Le Petit Nicolas en yiddish
Ma grand-mère me chantait en yiddish une berceuse dont aujourd'hui encore l'évocation me trouble et me touche. A yiddishe mame... Mon père souriait en écoutant sa mère. Cet air est un membre de ma famille, il coule dans mes veines. Je l'appelle à ma mémoire et il revient comme revient toujours celui qui soigne, celui qui panse, celui qui apaise. Peu importe la voix qui berce, seul compte l'air. A yiddishe mame... Mon père a eu une yiddishe mame. Elle s'appelait Anna. Le yiddish était sa langue maternelle, elle l'a transmise à son fils.
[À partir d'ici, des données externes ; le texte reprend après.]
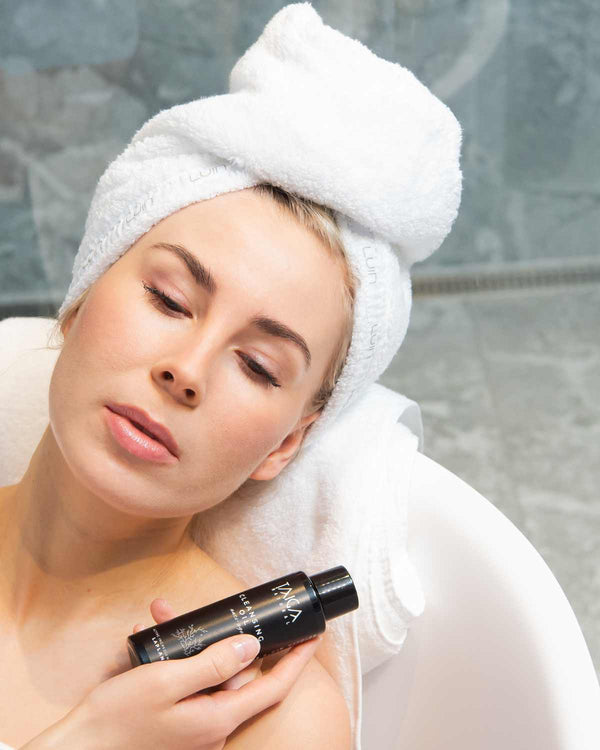 Taiga Cleansing Oil Anti-Age - puhdistusöljy, 100 ml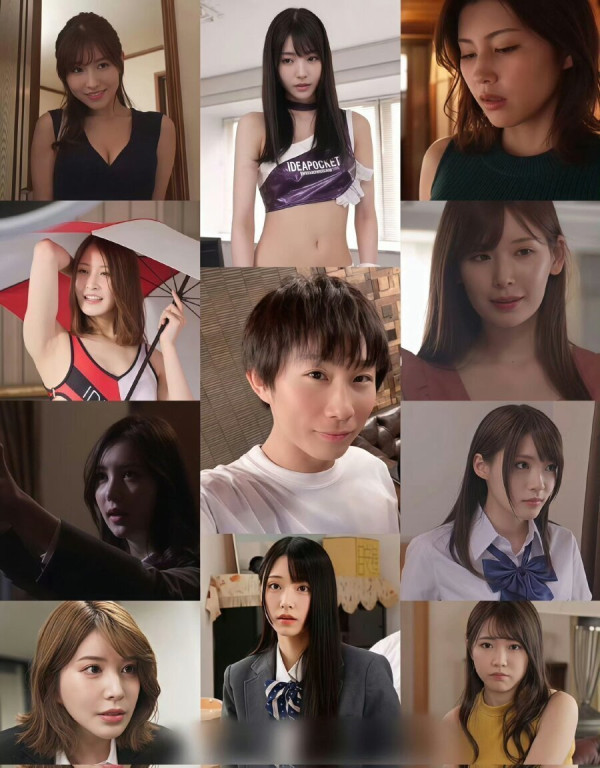 현시점 AV업계 최강자로 불리는 배우.jpg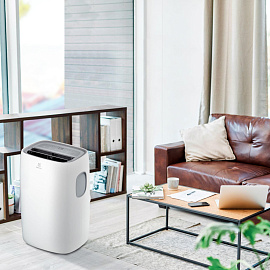 Кондиционер мобильный Electrolux EACM-15 CL/N3 (НС-1122254)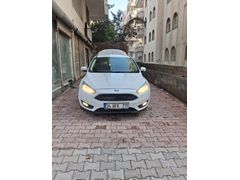 Sahibinden Ford Focus 1.5 TDCi Trend X 2018 Model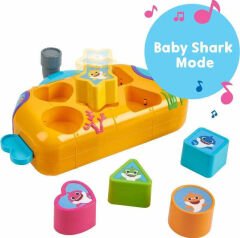 Baby Shark Müzikli Şekiller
Les frères et les parents de ma grand-mère ont écrit, imprimé et publié un dictionnaire en deux volumes : yiddish-hébreu.
J'ai dans ma bibliothèque un exemplaire de cet ouvrage. Je sais qu'il est le socle de l'oeuvre de mon père. Je le feuillette comme on caresse la joue d'un enfant qu'on cherche à retenir mais dont on sait l'envol inéluctable.
Le yiddish tient une place particulière dans notre famille. Sans l'avoir jamais appris, il m'est familier. Nous nous sommes reconnus.
Car même quand il ne reste qu'un refrain d'une chanson, la vie est là, véhiculée par la douceur de l'intention de celui qui fredonne.
Papa, voici ton texte en yiddish. Si tu savais comme je suis émue.